Posted by: Andrew Whitman | Jul 2, 2008 11:31:13 AM

Is there evidence that a CT saves lives? No. No diagnostic/laboratory test ever has. This is not what it does.

What is the appropriate standard to judge medical tests?

1. Efficacy (use of tests improves clinical outcomes)

2. Accuracy (the test accurately measures what they are purported to measure)

Diagnostic/laboratory tests are judged by accuracy and reproducibility and never by their effect upon treatment outcomes. Most tests used today have comparable "sensitivities" and "specificities."

Pet Scans were not approved because they saved lives in a controlled clinical trial that compared the outcome of patients who received care with or without the benefit of a Pet Scan. They were approved because their performance characteristics (sensitivity/specificity) are reproducible, favorable and provide information to treating physicians.

In cancer medicine, no test in oncology has ever been shown in prospective randomized clinical trials to improve patient outcomes. The existing standard has always been the "accuracy" of the test. This is true for every single test used in cancer medicine, from estrogen receptors to panels of immunohistochemical stains (IHC) to diagnosing and classifying tumor to Her2/neu and CA-125 to cell culture assays to MRI's, CT Scans, Pet Scans and so on.

Even when you get to the new genetic/molecular tests, the validation standard that private insurance companies is accepting is "accuracy" and not "efficacy." The essential "proof" is that all they have to do for these tests is that the test has a useful degree of "accuracy," not that the use of the diagnostic test improves clinical outcomes.

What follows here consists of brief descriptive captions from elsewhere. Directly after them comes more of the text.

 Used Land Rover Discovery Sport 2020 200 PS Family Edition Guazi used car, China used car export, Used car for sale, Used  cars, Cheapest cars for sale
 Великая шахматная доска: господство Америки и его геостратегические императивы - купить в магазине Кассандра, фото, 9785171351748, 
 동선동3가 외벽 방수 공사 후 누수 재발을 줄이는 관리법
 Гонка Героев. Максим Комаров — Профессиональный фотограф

However, that's not the validation standard the American Society of Clinical Oncology (ASCO) wants for cell-based profiling tests. It looked at "efficacy" in their 2004 tech assessment. The cell-based profiling tests have the same entitlement to be judged by the same validation standard as genetic/molecular profiling and all other diagnostic tests. ASCO needs to update their tech assessment on cell-based profiling assays. And do it transparently this time!

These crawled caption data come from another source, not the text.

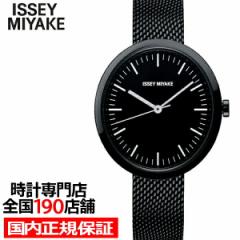 ISSEY MIYAKE イッセイミヤケ ELLIPSE MINI エリプス ミニ 楕円 NYAR002 レディース 腕時計 電池式 クオーツ ブラック 深澤直人デザイン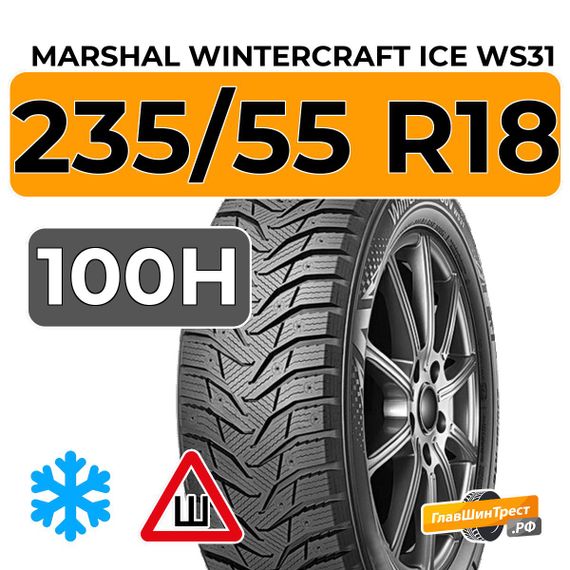 Marshal WinterCraft Ice WS31 SUV 235/55 R18 100H шип.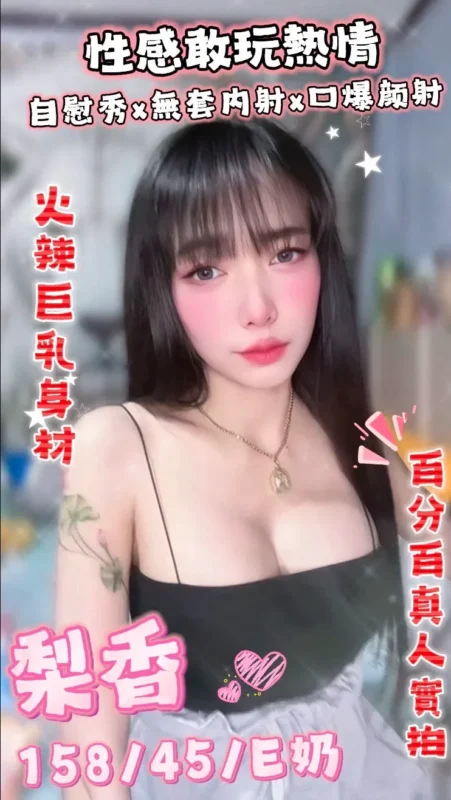 台北定點茶外送茶-梨香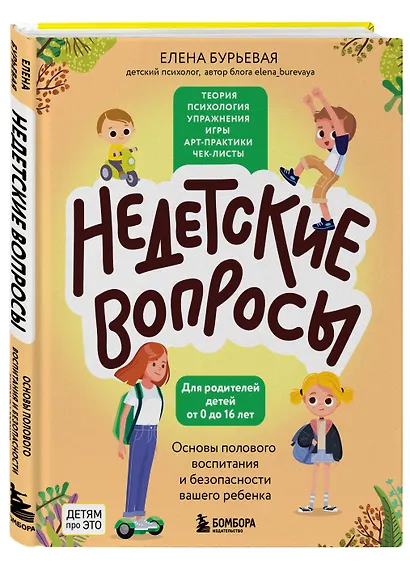 Недетские вопросы. Основы полового воспитания и безопасности вашего ребенка - фото 3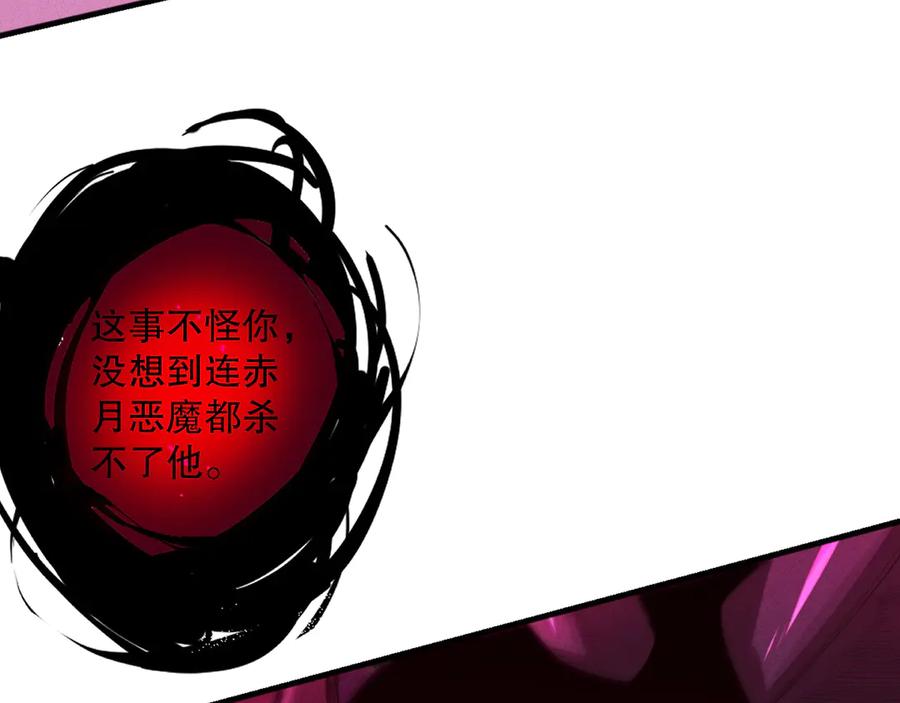 死灵法师！我即是天灾 第112话 符文融合！ 第126页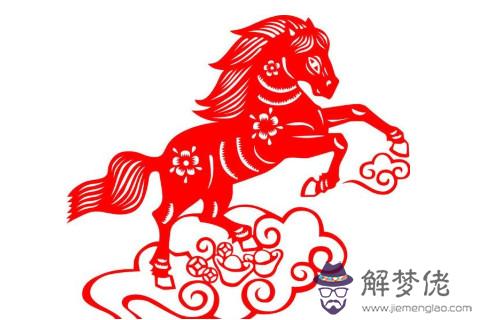 1942年78歲屬馬人運勢分析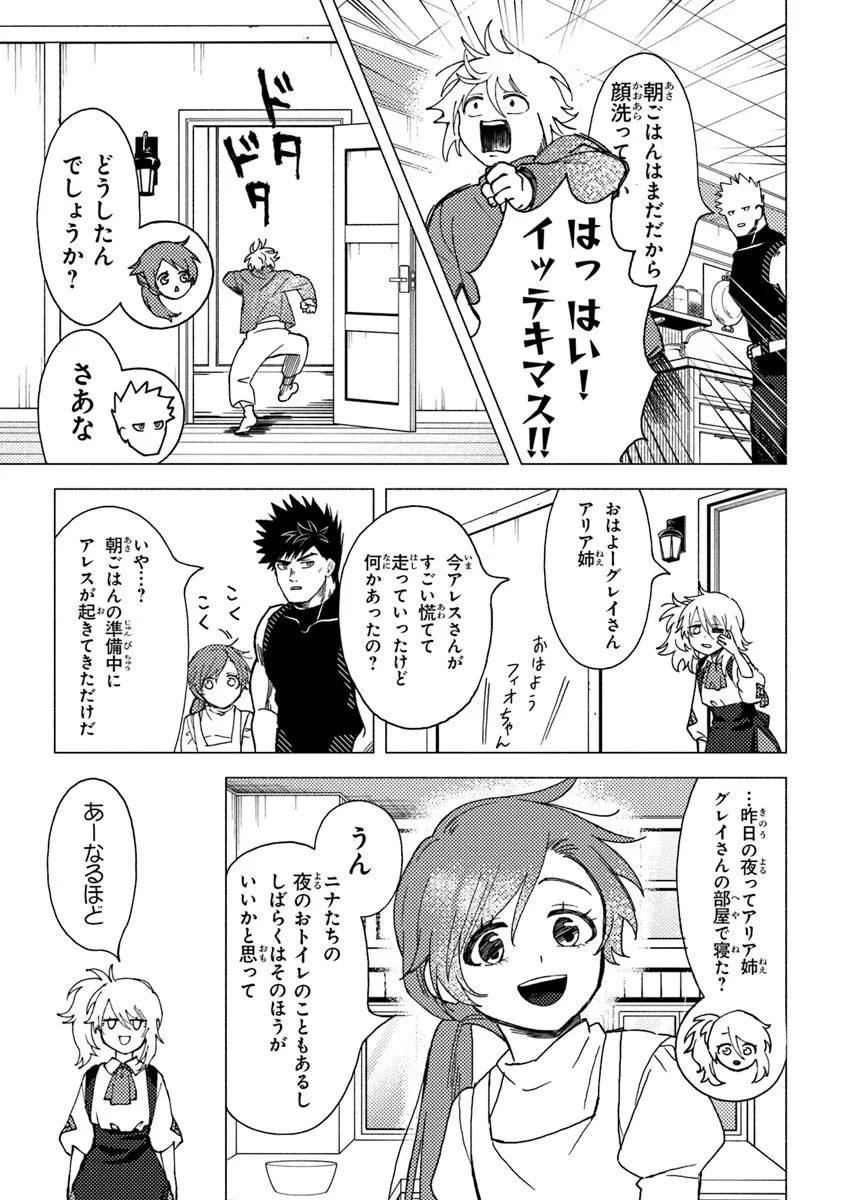 Akuninzura shita B-kyuu Boukensha - Shujinkou to Sono Osananajimi-tachi no Papa ni naru - Chapter 13.1 - Page 3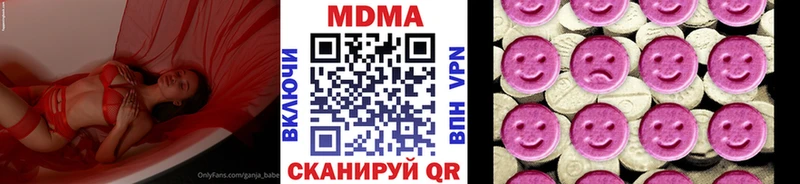 площадка официальный сайт  Саянск  МДМА VHQ  цены наркотик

A cardiac CT provides anatomic information regarding the presence or absence of blockages in coronary arteries. Such findings alone do not determine whether or not a patient requires an invasive procedure such as an angiogram or angioplasty/stent. Such decisions should be based on physiologic indicators such as presence of angina or, more importantly, an abnormal stress test. A cardiac CT by itself will never be proven to save lives. However, it is yet another tool in the arsenal that must be used properly.

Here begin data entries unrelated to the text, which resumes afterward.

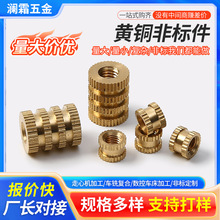 ע���~��ĸ�pͨ�םL���A���Ƕ���~��ĸ�ǘ˙Cе���������ĸ��ñ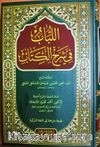 El-Lübab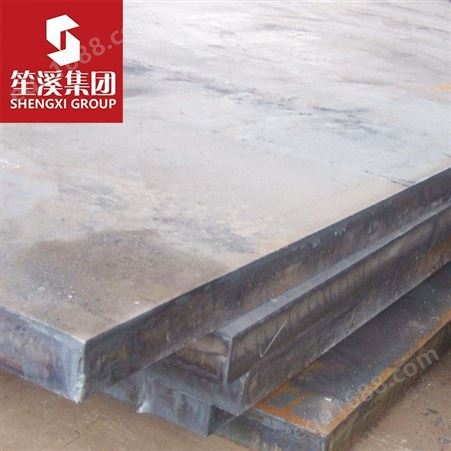 笙溪供应20CrMoA优质合金结构钢板卷板开平板中板中厚板提供质保书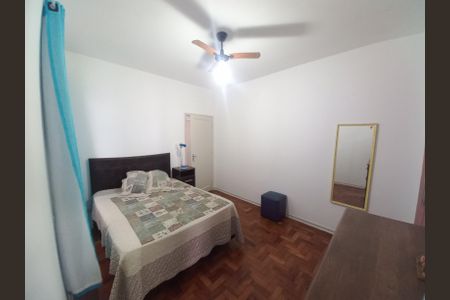 Apartamento para alugar com 42m², 1 quarto e sem vaga Apartamento para alugar com 42m², 1 quarto e sem vagaQuarto Suíte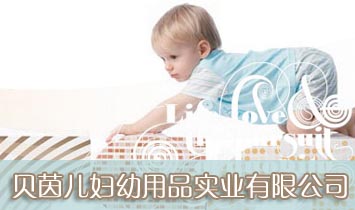 ؐ�����D����Ʒ���I(y��)���޹�˾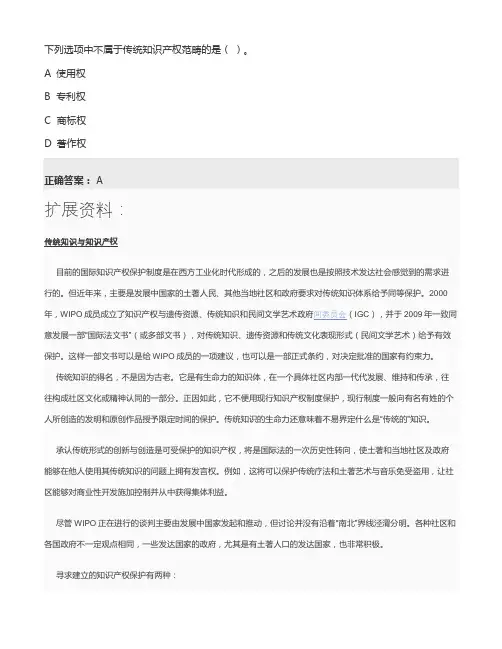 下列选项中不属于传统知识产权范畴的是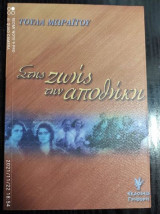 Στης ζωής την αποθήκη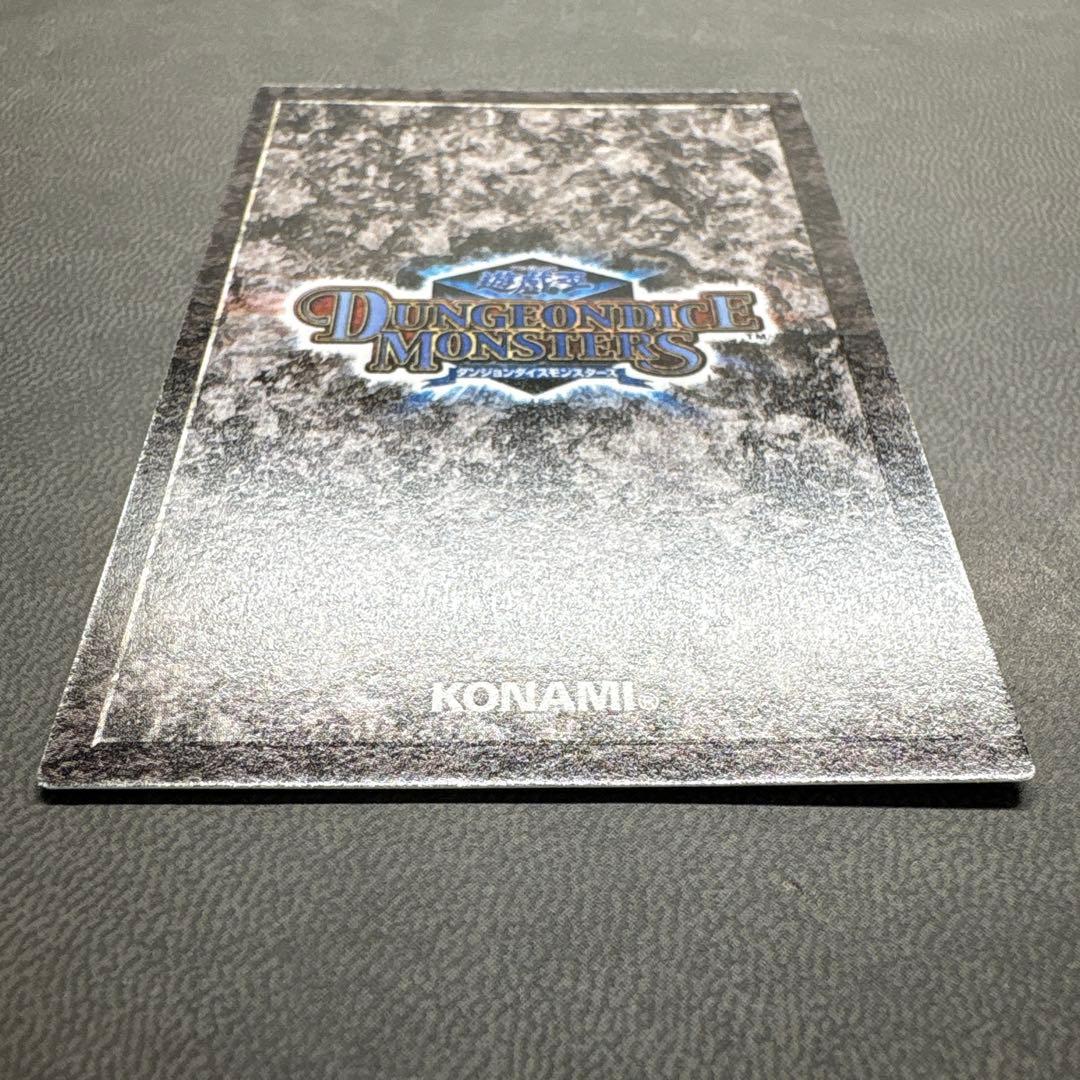 遊戯王 DDM レッドアイズブラックドラゴン 美品級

In cancer medicine, the CT is used to follow the size of the patient's tumor while the patient is receiving repeated courses of chemotherapy to determine whether or not the treatment is working and whether or not different drugs should be given, instead. This is an entirely unproven benefit, and were appropriate studies ever to be performed, there wouldn't be any measurable benefit at all, in terms of improving patient response to chemotherapy or patient survival with chemotherapy.

One reason medical costs are getting way out of control: GE employs too many good salesmen.